Interacting with external APIs is a cornerstone of modern software development. But it’s often a messy affair, filled with the perils of network failures, unexpected payloads, and complex asynchronous logic. The Microsoft Graph API, while incredibly powerful, is no exception. It has its own set of rules, like batching limits and specific authentication flows.

This is where Effect-TS comes in. Effect is a TypeScript library for building robust, type-safe, and composable applications. It replaces promises and async/await with a powerful new abstraction – the Effect – that turns side effects, like API calls, into first-class, testable values.

In this post, we’ll walk through creating a simple, yet powerful, client for the MSGraph API using Effect-TS. We’ll tackle authentication, data validation, and even the tricky business of batch processing, showing how Effect helps us manage complexity and write code that is both resilient and easy to understand.

The foundation: schemas and errors

Before we make our first API call, let’s define the shape of the data we expect to receive and how we’ll handle errors. This upfront investment in data modeling is a core tenet of writing reliable software.

Defining data structures with effect/Schema

Effect’s Schema module allows us to define parsers and validators for our data structures. If an API response doesn’t match the schema we define, the operation will fail, preventing malformed data from propagating through our system.

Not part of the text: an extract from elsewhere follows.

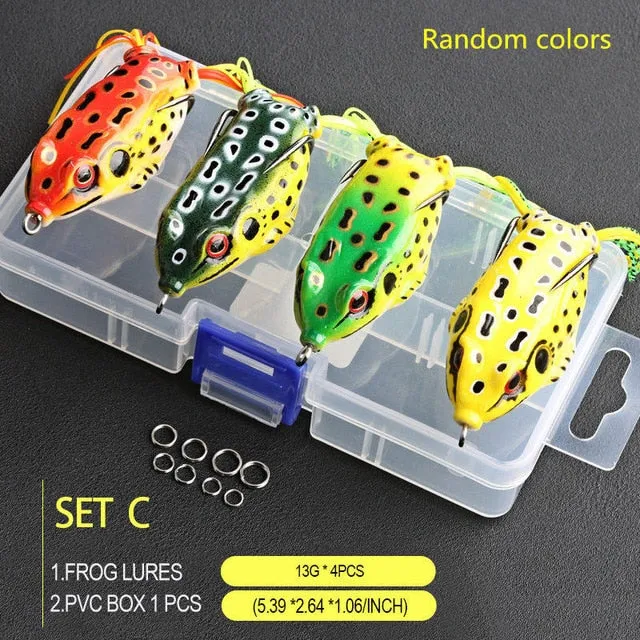 4pcs/Box Ray Frog Soft Fishing Lures 6g 9g 13g Double Hooks Top water Ray Frog Artificial Soft Bait Winter fishing Accessories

First, let’s define a schema for a Microsoft Graph User. We only care about a few fields for our purposes.

// src/msgraph/schemas.ts
import { Schema } from 'effect';

export const MSGraphUser = Schema.Struct({
  '@odata.type': Schema.String,
  'id': Schema.String,
  'displayName': Schema.String,
});

export type MSGraphUser = Schema.Schema.Type<typeof MSGraphUser>;

Next, we need a way to parse paginated responses, which are common in the Graph API. We can create a generic schema factory for this:

// src/msgraph/schemas.ts
export const PagedResponse = <A, I, R>(schema: Schema.Schema<A, I, R>) =>
  Schema.Struct({
    '@odata.nextLink': Schema.optional(Schema.String),
    'value': Schema.Array(schema),
  });

This PagedResponse function takes another schema as input and produces a new schema for a paginated list of that type. We’ll see it in action shortly.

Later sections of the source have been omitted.